Theater students to demonstrate their thespian skills in realism

By Kelsey Smith

April 18, 2013

The Cleveland State University Department of Theatre and Dance will be ending their season with “Miss Julie,” a play that deals with the themes of class, love, lust and interactions among the sexes.

“Miss Julie” is being directed by Scott Spence, adjunct professor in the department of theatre and dance. This will be the second play produced by Cleveland State under his direction.

“Miss Julie” was written in 1888 by August Strindberg. Strindberg and his European and Russian contemporaries are the fathers of realism. Prior to realism, acting was more about exaggerated movements and emphasized vocals. Becca Frick and Nate Miller in "Miss Julie"

“In some older ‘Saturday Night Live’ episodes, Jon Lovitz parodied this style with his character ‘Master Thespian’,” Spence said.

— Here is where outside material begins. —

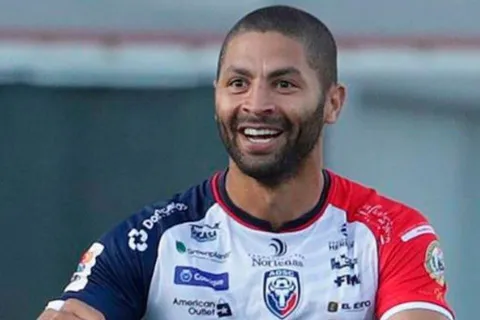 Álvaro Saborío reveló el verdadero motivo por el que regresó al fútbol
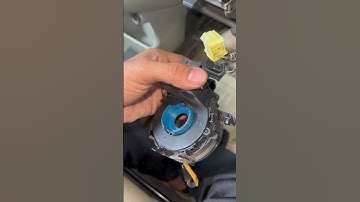 Steering Angle Sensor Open And Lock #steering #angle #sensor #alsharifauto #asacarinformation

“Miss Julie,” however, deviates from this as it portrays real people as opposed to royalty.
“It’s about a servant who is using someone to potentially get out of servitude,” Spence said. “There are gender struggles too. We’re dealing not just with manipulation but true body heat. These characters really do find each other fascinating, but their journey together is difficult because of all the social restraints on them. A lot of tug of war goes on in a lot of different directions, which creates conflict, which is what theater is all about.”

The selection of the plays for a season is a process that begins in the Fall. Full-time and adjunct professors get together and many plays are suggested. The group compares the titles across a four-year template of style and begins narrowing the list down to four titles to be done in the following season.

“No one person generally has to make any final decisions about the selections, as the faculty has been pretty adept at coming to consensus,” Spence said.
Unlike most of the other plays put on by the theatre department, “Miss Julie” has a cast of three.

“The cast is really quite astonishing. There are only three characters so they must sustain the piece without the usual ‘ensemble’ of players,” Spence said. “The actors [Becca Frick, Nate Miller, Emma Clark] – all seniors I believe – bring a maturity to the piece well beyond their years.”

While Cleveland State theatre seasons are not picked with a consecutive theme in mind, “Miss Julie” does share a few similarities with “A Midsummer Night’s Dream,” which Cleveland State presented at the end of the Fall 2012 semester. Both plays stress differences among the classes and tension between the sexes.

“Miss Julie” runs from April 18-April 28 in PlayhouseSquare’s intimate Helen Rosenfeld Lab Theatre. Tickets are $10 and can be purchased at www.playhousesquare.org.